* **DATA EXTRACT**:
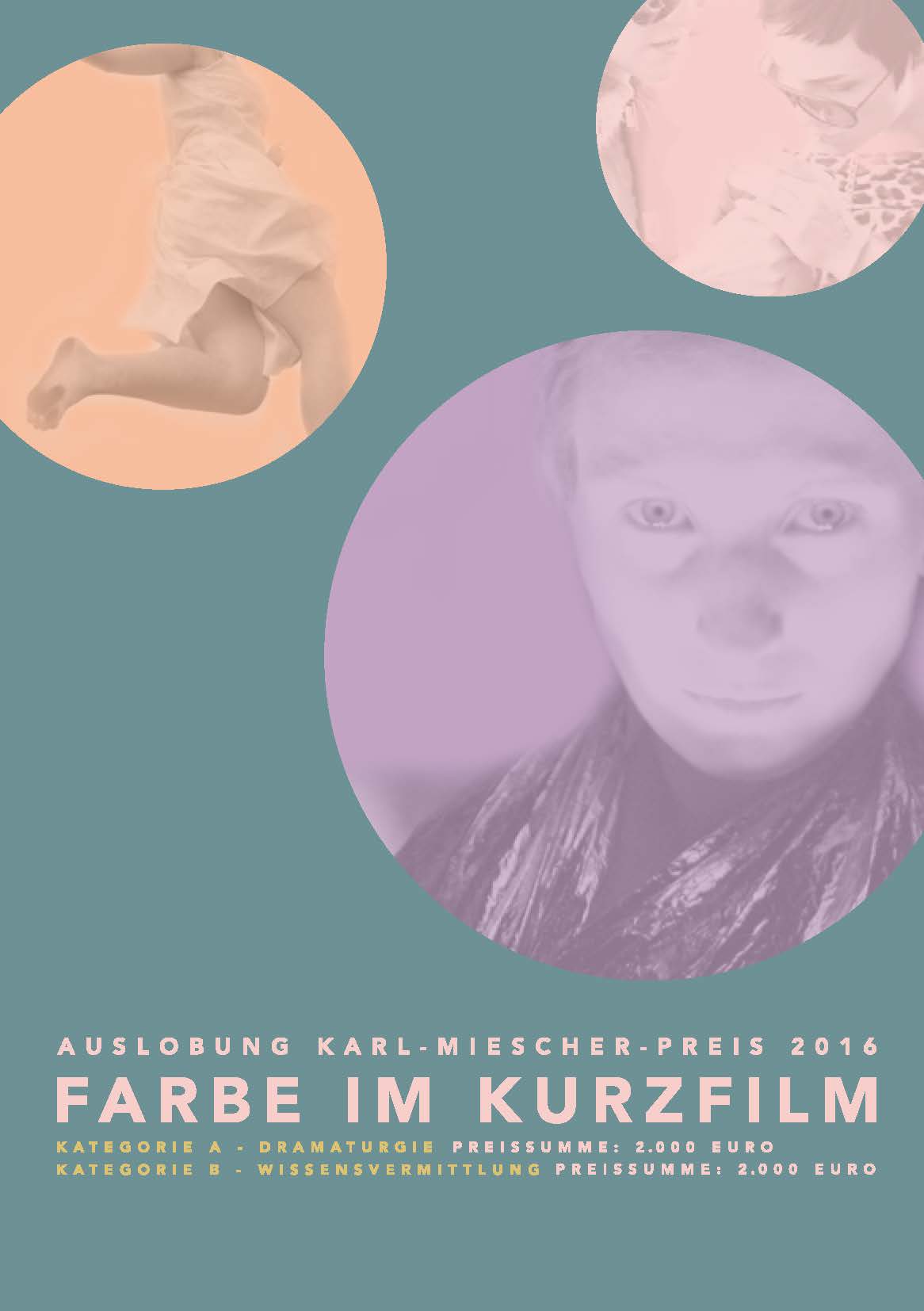 Farbe im Kurzfilm Auslobung Karl-Miescher-Preis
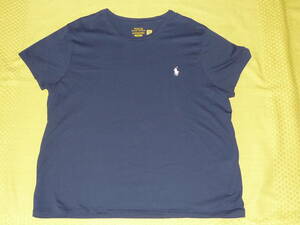 ポロ　ラルフローレン　Tシャツ　POLO　RALPH　LAUREN　Tシャツ　紺　ネイビー　XL・TG・EG・175/100A　ワンポイント　ユーズド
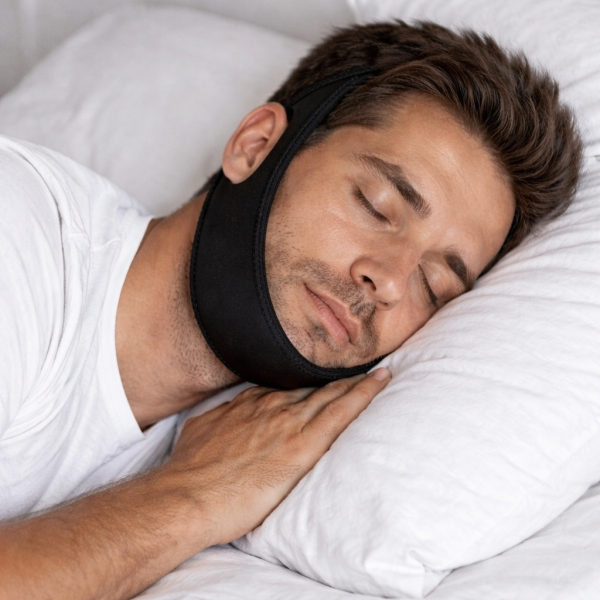 Повязка на голову от храпа 65 см Черный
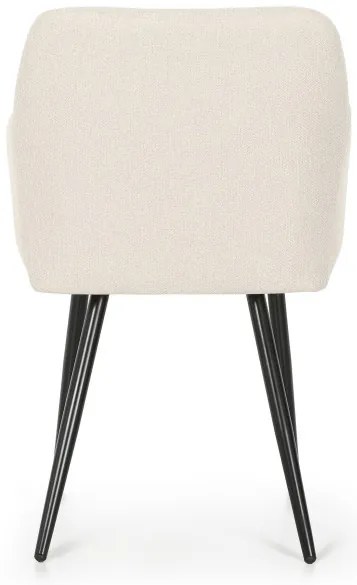 Sada dvoch jedálenských stoličiek LUXANO krémové / čierne nohy (2 ks)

* **WHAT YOU HAVE TO DO**: Lines before the one containing "Повязка на голову от храпа 65 см Черный" are not wanted; repeat that line and the rest of the listing exactly, leaving out pictures.

* **YOUR RESPONSE**:
 Повязка на голову от храпа 65 см Черный
 Sada dvoch jedálenských stoličiek LUXANO krémové / čierne nohy (2 ks)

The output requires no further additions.